**Exercise requirements:**
Set down the data below exactly; pictures stay out.

**The data:**
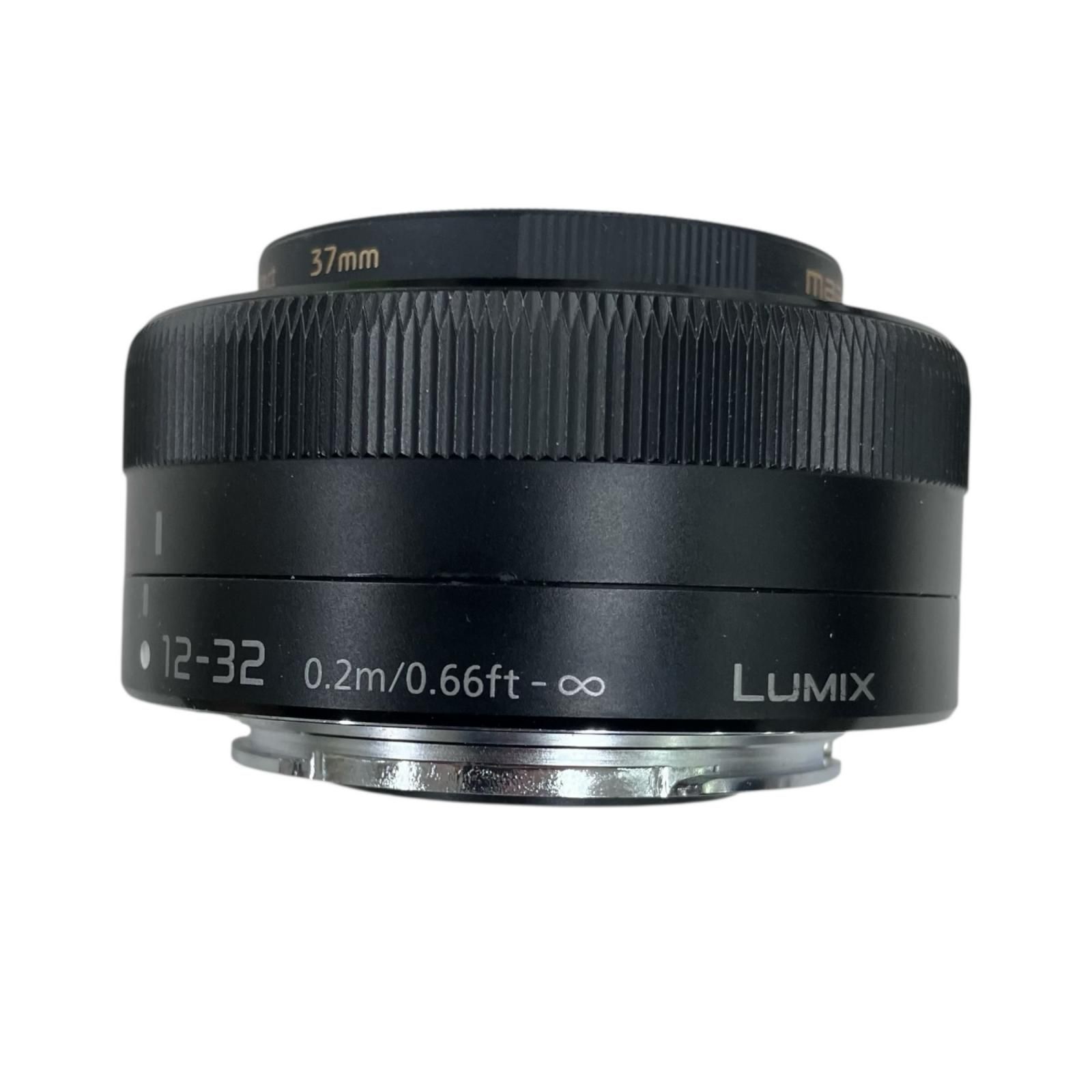 パナソニック ミラーレス一眼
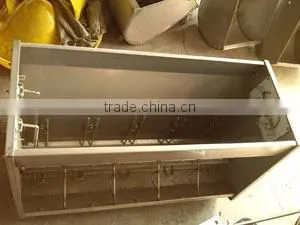 animal husbandry equipment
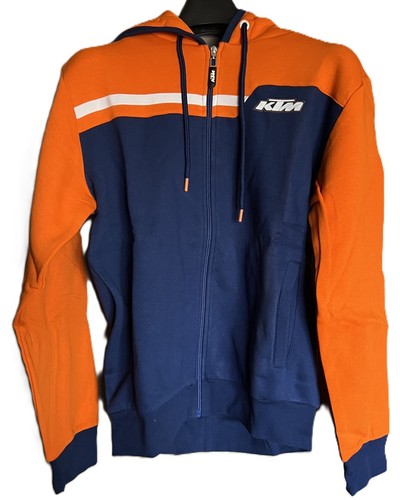Ktm factory style felpa - factory, con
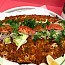 Pizza Gyro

**Exercise result:**
 パナソニック ミラーレス一眼
 animal husbandry equipment
Ktm factory style felpa - factory, con
 Pizza Gyro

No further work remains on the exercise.